Start of Block

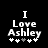 Black background with white pixelated text reading "I Love Ashley" and five plus signs below, where the third plus sign is gray in the first frame and white in the second frame.
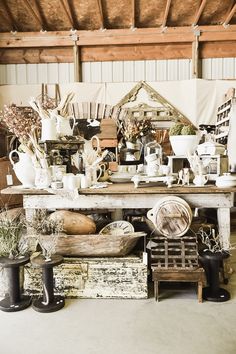 an old table with many items on it in a room filled with plants and other things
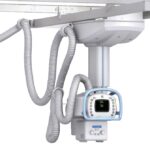 Ceiling-mounted medical anesthesia machine with multiple flexible hoses and a small digital control panel.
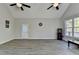 Large vaulted bonus room with plank floors, bright natural light from several windows, and arcade games at 3211 Thompson Mill Rd, Buford, GA 30519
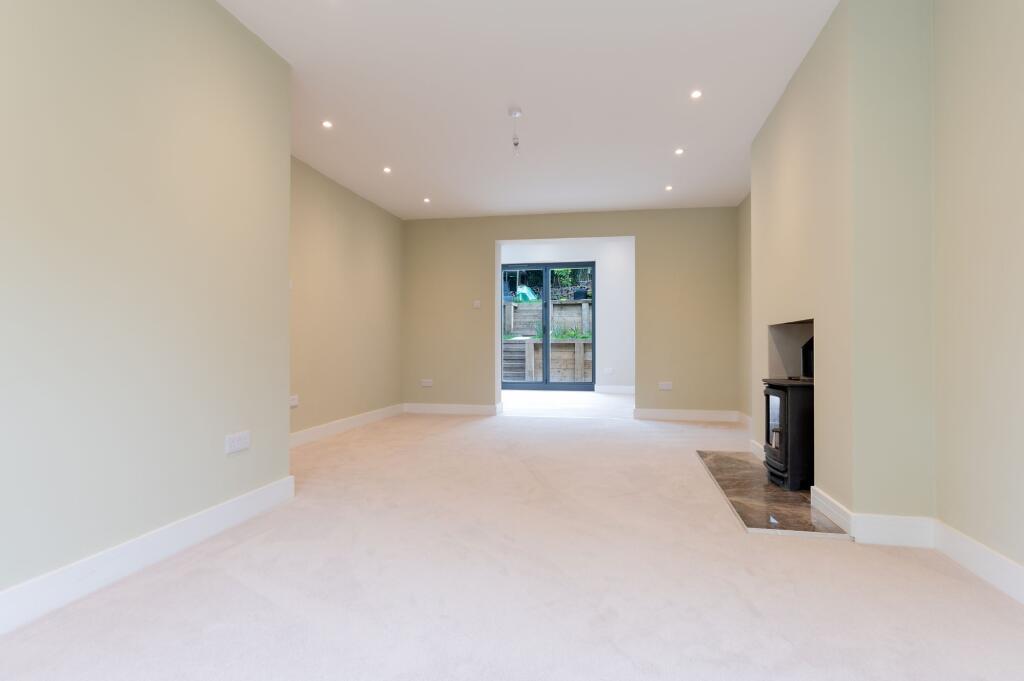 Light and spacious lounge with log burner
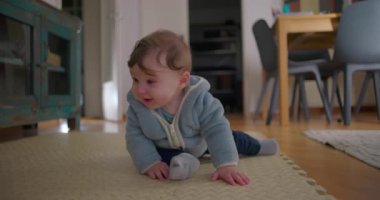 Bebek yerde otururken rahat bir duruş ve kurnaz bir gülümsemeyle, farkındalık, rahatlık ve erken iletişim ipuçlarıyla yana dönüyor.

End of Block

§ Exercise:
Exact copies of all the entries, without any pictures, are what the answer must contain.

§ The answer:
 Black background with white pixelated text reading "I Love Ashley" and five plus signs below, where the third plus sign is gray in the first frame and white in the second frame.
 an old table with many items on it in a room filled with plants and other things
 Ceiling-mounted medical anesthesia machine with multiple flexible hoses and a small digital control panel.
 Large vaulted bonus room with plank floors, bright natural light from several windows, and arcade games at 3211 Thompson Mill Rd, Buford, GA 30519
 Light and spacious lounge with log burner
 Bebek yerde otururken rahat bir duruş ve kurnaz bir gülümsemeyle, farkındalık, rahatlık ve erken iletişim ipuçlarıyla yana dönüyor.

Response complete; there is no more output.